- **Directions**
Your task is to filter the data below down to the lines holding "Womens".
______________________________
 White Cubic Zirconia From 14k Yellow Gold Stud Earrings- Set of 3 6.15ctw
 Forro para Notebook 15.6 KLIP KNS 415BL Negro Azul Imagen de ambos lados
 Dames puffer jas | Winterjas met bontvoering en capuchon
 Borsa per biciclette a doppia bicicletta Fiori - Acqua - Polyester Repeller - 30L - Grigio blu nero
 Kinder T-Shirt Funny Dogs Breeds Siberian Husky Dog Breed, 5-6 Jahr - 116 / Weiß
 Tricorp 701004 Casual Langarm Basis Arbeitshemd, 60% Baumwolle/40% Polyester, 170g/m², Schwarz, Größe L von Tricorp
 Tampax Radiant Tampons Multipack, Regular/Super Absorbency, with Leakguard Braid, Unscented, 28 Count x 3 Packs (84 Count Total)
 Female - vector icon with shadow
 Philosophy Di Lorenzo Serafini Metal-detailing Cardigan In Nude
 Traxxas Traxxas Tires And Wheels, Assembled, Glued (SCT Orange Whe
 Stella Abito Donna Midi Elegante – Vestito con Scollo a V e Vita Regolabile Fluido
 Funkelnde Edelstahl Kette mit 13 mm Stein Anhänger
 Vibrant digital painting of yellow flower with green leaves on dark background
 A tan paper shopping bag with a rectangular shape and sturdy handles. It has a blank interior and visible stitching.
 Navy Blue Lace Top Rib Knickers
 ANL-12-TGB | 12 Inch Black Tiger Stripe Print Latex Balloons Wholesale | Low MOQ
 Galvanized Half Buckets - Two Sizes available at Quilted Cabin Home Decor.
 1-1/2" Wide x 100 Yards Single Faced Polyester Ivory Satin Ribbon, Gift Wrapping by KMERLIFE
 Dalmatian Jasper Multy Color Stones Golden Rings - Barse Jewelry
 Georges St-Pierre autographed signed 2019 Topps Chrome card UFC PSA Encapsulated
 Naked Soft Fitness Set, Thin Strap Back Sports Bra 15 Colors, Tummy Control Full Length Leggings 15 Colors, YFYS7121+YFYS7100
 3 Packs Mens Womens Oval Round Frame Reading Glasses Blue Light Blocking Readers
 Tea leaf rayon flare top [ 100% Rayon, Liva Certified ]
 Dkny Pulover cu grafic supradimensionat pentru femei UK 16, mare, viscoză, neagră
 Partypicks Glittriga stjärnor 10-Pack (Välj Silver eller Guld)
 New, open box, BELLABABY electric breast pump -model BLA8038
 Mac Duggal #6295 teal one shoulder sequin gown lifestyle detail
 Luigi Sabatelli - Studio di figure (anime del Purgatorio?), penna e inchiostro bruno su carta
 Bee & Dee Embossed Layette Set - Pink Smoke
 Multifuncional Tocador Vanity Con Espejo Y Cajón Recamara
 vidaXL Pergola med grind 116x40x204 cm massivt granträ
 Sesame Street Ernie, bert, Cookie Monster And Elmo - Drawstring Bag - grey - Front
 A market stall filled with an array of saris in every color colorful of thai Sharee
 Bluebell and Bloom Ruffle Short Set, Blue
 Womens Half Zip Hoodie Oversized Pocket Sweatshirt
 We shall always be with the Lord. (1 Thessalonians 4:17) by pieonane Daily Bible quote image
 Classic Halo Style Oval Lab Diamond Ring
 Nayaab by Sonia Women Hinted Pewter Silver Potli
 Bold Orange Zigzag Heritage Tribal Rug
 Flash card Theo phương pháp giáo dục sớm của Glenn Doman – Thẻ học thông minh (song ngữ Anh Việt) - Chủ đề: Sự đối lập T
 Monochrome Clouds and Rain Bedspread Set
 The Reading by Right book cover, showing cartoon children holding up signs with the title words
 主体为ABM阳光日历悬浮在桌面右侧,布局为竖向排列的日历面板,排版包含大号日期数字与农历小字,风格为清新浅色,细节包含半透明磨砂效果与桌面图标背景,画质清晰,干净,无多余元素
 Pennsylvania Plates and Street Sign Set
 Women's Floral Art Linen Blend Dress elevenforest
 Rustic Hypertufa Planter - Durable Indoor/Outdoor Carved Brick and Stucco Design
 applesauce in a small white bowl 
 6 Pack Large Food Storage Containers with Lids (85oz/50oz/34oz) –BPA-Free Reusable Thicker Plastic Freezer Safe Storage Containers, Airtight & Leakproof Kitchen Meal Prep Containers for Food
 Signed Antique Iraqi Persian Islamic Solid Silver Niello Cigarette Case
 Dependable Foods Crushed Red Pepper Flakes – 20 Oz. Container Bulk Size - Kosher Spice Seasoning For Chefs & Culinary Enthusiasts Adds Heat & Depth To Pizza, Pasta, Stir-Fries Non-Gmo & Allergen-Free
______________________________
- **Response to this task**
 3 Packs Mens Womens Oval Round Frame Reading Glasses Blue Light Blocking Readers
 Womens Half Zip Hoodie Oversized Pocket Sweatshirt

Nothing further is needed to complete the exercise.